The ''CBS News iCast'' launched on July 26, 2006. It was created and developed by CBS News correspondent and anchor Chris Mavridis and was intended as a daily downloadable network newscast for 18- to 34-year-olds. New York Times Arts reporter Steven McElroy (wrote: ): "(the iCast) is the first network newscast developed specifically as a podcast." Access.com described (the iCast ) as a "non-traditional, actuality-heavy five-minute newscast." The runtime was fluid, ranging from 5–7 minutes in length. Under the direction of Mavridis, a correspondent with CBS News (since 2002 ), the iCast was initially presented in a "theatre-of-the-mind" radio format, employing dramatic elements mixed with natural-sound audio, news interviews and current music. Mavridis developed the style that mimicked talking to pre-recorded interviews and newsmakers.

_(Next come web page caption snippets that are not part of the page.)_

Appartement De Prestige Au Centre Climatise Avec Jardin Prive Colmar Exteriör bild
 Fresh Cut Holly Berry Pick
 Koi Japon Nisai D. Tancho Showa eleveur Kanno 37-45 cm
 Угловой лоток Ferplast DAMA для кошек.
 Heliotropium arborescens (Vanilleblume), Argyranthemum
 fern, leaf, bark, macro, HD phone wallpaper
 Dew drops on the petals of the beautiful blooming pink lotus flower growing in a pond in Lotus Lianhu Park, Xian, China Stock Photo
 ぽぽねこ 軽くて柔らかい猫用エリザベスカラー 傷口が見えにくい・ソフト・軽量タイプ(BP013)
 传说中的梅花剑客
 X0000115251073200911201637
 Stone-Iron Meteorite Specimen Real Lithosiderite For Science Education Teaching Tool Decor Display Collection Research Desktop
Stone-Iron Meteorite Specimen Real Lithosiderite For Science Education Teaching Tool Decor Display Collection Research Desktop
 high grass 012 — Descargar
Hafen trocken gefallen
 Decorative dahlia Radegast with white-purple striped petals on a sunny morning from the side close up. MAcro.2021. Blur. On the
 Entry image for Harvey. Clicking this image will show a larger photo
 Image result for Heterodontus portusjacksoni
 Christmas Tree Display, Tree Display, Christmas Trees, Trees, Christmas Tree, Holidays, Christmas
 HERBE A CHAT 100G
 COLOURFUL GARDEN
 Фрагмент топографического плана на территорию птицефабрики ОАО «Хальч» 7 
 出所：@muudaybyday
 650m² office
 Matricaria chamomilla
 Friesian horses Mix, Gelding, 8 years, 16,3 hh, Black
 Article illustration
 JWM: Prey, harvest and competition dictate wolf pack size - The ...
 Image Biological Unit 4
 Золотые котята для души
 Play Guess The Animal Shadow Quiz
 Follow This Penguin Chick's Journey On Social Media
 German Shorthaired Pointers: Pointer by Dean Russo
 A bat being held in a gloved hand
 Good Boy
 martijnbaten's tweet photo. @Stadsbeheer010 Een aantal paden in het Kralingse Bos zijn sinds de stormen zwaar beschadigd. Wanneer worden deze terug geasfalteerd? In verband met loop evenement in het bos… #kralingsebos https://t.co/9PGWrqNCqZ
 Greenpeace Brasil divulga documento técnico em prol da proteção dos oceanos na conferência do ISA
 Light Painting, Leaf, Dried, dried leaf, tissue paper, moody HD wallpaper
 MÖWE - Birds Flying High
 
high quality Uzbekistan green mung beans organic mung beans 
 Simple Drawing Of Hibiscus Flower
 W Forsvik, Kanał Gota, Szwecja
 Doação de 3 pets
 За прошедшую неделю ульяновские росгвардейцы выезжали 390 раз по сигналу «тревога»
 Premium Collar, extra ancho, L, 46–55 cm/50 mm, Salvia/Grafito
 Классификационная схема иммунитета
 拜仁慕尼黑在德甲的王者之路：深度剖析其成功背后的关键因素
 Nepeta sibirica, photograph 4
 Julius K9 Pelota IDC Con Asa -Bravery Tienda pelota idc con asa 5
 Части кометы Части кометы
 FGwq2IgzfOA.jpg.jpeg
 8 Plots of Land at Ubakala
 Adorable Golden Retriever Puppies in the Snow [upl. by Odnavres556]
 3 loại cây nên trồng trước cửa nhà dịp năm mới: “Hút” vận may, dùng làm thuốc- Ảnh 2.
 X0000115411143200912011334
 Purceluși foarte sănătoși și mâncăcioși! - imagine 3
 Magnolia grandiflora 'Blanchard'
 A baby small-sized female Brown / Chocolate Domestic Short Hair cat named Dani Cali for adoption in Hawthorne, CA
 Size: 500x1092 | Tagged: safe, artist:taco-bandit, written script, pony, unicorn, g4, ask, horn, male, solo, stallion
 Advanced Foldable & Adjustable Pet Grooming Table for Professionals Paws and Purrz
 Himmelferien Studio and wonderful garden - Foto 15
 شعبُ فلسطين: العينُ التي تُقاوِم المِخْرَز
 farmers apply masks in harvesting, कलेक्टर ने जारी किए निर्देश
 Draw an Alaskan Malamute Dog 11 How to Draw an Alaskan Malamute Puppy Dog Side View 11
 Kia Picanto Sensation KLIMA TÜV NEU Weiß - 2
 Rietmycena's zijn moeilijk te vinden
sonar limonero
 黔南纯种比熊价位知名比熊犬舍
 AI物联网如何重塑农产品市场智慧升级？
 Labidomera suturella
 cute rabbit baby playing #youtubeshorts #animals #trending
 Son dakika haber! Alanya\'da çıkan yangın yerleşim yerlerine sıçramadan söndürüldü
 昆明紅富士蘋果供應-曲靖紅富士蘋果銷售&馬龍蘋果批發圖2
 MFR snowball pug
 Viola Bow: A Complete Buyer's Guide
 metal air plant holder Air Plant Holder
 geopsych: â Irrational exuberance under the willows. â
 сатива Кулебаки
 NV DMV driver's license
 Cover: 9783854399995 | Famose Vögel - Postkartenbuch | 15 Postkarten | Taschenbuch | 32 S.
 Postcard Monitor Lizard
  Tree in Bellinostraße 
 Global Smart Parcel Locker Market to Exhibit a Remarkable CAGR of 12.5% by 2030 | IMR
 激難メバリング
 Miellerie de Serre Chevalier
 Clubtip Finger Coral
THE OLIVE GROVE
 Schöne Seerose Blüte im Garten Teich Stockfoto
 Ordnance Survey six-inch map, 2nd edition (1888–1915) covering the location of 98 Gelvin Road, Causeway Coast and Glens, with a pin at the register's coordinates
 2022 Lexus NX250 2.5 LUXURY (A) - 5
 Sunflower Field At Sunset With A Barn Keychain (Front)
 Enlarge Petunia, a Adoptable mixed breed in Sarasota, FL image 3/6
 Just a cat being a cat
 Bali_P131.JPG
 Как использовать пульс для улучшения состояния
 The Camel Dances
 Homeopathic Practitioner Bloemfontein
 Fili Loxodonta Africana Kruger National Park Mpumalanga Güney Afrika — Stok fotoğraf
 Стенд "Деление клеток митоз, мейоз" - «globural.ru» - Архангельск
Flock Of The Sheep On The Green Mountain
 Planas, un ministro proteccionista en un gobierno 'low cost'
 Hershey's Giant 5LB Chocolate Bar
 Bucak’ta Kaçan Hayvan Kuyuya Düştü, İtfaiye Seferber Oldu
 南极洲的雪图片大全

''Billboard'' magazine's Radio and Records described Mavridis's original iCast format as transforming "the traditional role of a reporter into more of an audio guide with an edge who leads the listener through a news story's chain of interrelated actualities."
Each show opened with the big story of the day, usually in a mock-conversation format, inserting pre-taped interviews and field reports to create the illusion of a conversation. The second segment is usually another major story of the day told in a slightly more sobering method. It is followed by "The World", which details three typically odd international news pieces, followed by the closing item, which was often an odd "kicker" story which usually involved heavy music production.